3. Refutando a hipótese paramétrica com dados de corpus do PE

A tese de doutoramento de Varejão (2006) analisou fenômenos de variação

morfossintática no PE (concordância verbo-nominal e estratégias de relativização), com o

objetivo de verificar se os fenômenos típicos da variação dialetal do PB (como a falta de

concordância e as relativas cortadoras) não seriam também encontráveis na variação dialetal

do PE. Os dados utilizados por Varejão foram extraídos do Corpus Dialectal para o Estudo

da Sintaxe (Cordial-Sin), que registra, em 4.500 horas de gravação, a fala de indivíduos

analfabetos e indivíduos com baixa escolarização espalhados por 200 localidades não-urbanas

do território português. As gravações desse corpus foram feitas ao longo das décadas de 80 e

90, e contaram com a participação de 120 informantes portugueses (75 homens e 45

mulheres), que travavam diálogos livres ou semi-dirigidos com os entrevistadores.

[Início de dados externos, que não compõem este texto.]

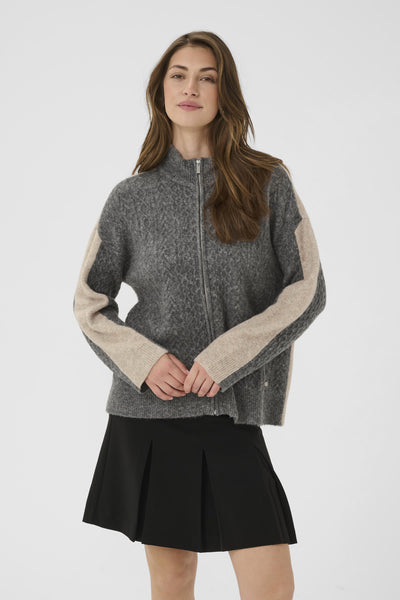 CRMyttah cardigan Grey and beige melange - 10614245 Thumbnail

Do total das 3315 relativas registradas no Cordial-Sin, apenas 108 eram relativas

preposicionadas. Relativas oblíquas não-preposicionadas (mediadas pelos pronomes onde,

aonde ou quando) compõem um universo à parte, com 102 ocorrências. Entre as 108 relativas

preposicionadas de seus dados, Varejão (2006: 131) catalogou 74 cortadoras, 29 resumptivas

e apenas 5 pied-piping. Isso quer dizer que as relativas cortadoras alcançam quase 70% de

ocorrência entre os portugueses com baixa escolarização ou analfabetos, seguidas das

resumptivas com 27%. Os notáveis 3% de ocorrência de Ppp são explicáveis por se tratar de

estruturas estereotipadas (“altura em que”, “momento em que”, “lugar em que”), que devem

ser melhor analisadas como construções fixas ou conjunções complexas, e não como

legítimas orações relativas. As relativas pied-piping chegaram a apenas 5 ocorrências entre as

3315 relativas do Cordial-Sin, e não por acaso se encontram num diálogo sobre a vida escolar,

no registro de um informante que apresentava algum nível de instrução (não indicado

precisamente no corpus).

A tese de Varejão indica que as relativas pied-piping parecem não existir entre

indivíduos portugueses analfabetos ou com pouca escolarização. A autora nos traz forte

evidência de que as relativas preposicionadas padrão em PE são uma realidade dos centros

urbanos, entre indivíduos escolarizados, à semelhança do que ocorre, mutatis mutandis, no

PB. Os dados de Varejão indicam que a realidade do PB apontada pelos estudiosos da

hipótese paramétrica não é essencialmente diferente do que ocorre em PE, desde que o fator

letramento/escolarização seja adequadamente isolado na análise dos dados extraídos de

corpus de língua oral.

4. Análise experimental das relativas do PB e do PE

Conforme procuramos sustentar nas seções anteriores, a hipótese paramétrica sobre as

relativas do PB e do PE parece estar sem solução quando conduzida exclusivamente por

pesquisas baseadas em corpus ou em intuições lingüísticas. Como vimos, a depender do

corpus tomado para análise, há evidências em favor da hipótese da separação ou da unificação

entre a gramática da relativização do PB e do PE. Nesta seção, traremos a problemática das

relativas do português para o campo da pesquisa experimental. Sustentamos que as

contradições das análises de corpus citadas podem ser superadas por testes experimentais, já

que esses permitem o controle objetivo de inúmeras variáveis envolvidas no desempenho

lingüístico e, por isso, são capazes de reduzir a ação da aleatoriedade nos dados disponíveis

ao pesquisador, possibilitando uma análise mais apurada das representações lingüísticas

subjacentes aos dados da performance. Para ilustrar essa argumentação, descreveremos a

pesquisa de Kenedy (2007), que testou experimentalmente a hipótese paramétrica por meio do

confronto entre o desempenho de portugueses e de brasileiros nos experimentos

psicolingüísticos de percepção (Julgamento imediato de gramaticalidade) e de processamento

(Leitura automonitorada) de orações relativas. Esses experimentos procuraram identificar se

brasileiros e portugueses manifestam reações diferentes a estímulos lingüísticos como

relativas pied-piping ou cortadoras. Por questões de espaço, descreveremos a seguir os

experimentos de Leitura automonitorada – remetemos o leitor a Kenedy (2008) para um

resumo dos experimentos de Julgamento imediato de gramaticalidade.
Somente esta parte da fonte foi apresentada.